Start of Record excerpts

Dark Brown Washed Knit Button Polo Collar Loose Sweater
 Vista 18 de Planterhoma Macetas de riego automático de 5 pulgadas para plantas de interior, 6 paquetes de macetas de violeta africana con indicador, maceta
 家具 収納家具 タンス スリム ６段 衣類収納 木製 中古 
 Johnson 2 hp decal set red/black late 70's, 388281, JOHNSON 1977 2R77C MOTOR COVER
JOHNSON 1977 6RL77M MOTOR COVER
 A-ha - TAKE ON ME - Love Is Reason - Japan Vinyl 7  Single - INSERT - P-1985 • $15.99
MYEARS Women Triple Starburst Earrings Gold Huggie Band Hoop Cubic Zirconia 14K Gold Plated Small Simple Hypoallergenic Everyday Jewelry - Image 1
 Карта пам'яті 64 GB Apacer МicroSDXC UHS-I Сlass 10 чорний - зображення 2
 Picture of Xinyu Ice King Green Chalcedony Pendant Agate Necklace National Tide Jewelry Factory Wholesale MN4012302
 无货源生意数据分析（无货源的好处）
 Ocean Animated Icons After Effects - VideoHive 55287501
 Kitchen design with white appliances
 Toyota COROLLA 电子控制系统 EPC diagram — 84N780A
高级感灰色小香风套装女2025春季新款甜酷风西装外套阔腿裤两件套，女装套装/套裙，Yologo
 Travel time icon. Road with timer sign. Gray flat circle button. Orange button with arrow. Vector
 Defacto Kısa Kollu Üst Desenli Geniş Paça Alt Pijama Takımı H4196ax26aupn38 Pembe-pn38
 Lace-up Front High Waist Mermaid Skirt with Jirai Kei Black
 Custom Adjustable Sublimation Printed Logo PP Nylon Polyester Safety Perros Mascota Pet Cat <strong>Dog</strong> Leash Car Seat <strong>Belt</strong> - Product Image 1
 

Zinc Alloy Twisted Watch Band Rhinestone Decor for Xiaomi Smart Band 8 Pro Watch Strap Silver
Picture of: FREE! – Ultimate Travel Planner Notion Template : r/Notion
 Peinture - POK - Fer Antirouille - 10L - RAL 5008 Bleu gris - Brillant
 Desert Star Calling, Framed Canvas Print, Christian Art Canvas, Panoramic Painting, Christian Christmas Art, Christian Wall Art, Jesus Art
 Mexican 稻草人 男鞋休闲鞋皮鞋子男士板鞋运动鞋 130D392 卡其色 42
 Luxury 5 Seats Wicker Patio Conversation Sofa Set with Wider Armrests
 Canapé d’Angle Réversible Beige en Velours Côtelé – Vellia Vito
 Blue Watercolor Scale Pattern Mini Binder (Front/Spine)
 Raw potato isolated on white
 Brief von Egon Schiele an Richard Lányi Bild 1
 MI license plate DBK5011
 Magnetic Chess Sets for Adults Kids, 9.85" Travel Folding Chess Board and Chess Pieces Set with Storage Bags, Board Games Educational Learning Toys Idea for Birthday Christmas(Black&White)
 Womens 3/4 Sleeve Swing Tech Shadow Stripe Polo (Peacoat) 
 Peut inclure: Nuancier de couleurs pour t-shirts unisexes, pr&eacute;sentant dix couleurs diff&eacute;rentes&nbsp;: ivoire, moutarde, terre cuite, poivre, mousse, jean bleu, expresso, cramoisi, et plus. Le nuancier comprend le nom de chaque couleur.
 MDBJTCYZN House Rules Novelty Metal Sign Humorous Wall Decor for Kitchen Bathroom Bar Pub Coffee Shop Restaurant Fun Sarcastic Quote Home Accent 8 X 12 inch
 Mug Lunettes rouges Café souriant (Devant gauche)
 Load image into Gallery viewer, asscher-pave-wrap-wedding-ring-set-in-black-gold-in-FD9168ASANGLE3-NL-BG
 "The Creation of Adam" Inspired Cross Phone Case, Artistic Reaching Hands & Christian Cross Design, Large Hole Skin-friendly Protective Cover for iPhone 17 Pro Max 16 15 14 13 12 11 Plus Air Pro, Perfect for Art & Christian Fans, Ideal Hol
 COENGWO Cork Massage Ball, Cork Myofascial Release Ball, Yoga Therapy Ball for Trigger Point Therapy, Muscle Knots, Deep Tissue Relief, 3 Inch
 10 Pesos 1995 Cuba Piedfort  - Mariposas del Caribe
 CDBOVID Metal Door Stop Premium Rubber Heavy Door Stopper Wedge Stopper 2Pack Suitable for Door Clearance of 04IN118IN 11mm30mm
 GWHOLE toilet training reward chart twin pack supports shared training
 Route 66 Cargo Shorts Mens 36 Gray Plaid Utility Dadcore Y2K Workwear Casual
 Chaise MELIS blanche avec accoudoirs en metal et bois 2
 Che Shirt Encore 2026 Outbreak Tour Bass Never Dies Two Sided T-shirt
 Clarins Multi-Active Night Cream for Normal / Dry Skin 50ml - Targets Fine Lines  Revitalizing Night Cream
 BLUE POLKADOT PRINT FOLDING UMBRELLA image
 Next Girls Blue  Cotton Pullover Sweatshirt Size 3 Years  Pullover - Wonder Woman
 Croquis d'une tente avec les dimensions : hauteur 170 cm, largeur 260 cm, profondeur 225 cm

End of Record excerpts

### Work to complete
Where a line in the records above contains the string "Jewelry", return that line.

### Exercise response
MYEARS Women Triple Starburst Earrings Gold Huggie Band Hoop Cubic Zirconia 14K Gold Plated Small Simple Hypoallergenic Everyday Jewelry - Image 1
 Picture of Xinyu Ice King Green Chalcedony Pendant Agate Necklace National Tide Jewelry Factory Wholesale MN4012302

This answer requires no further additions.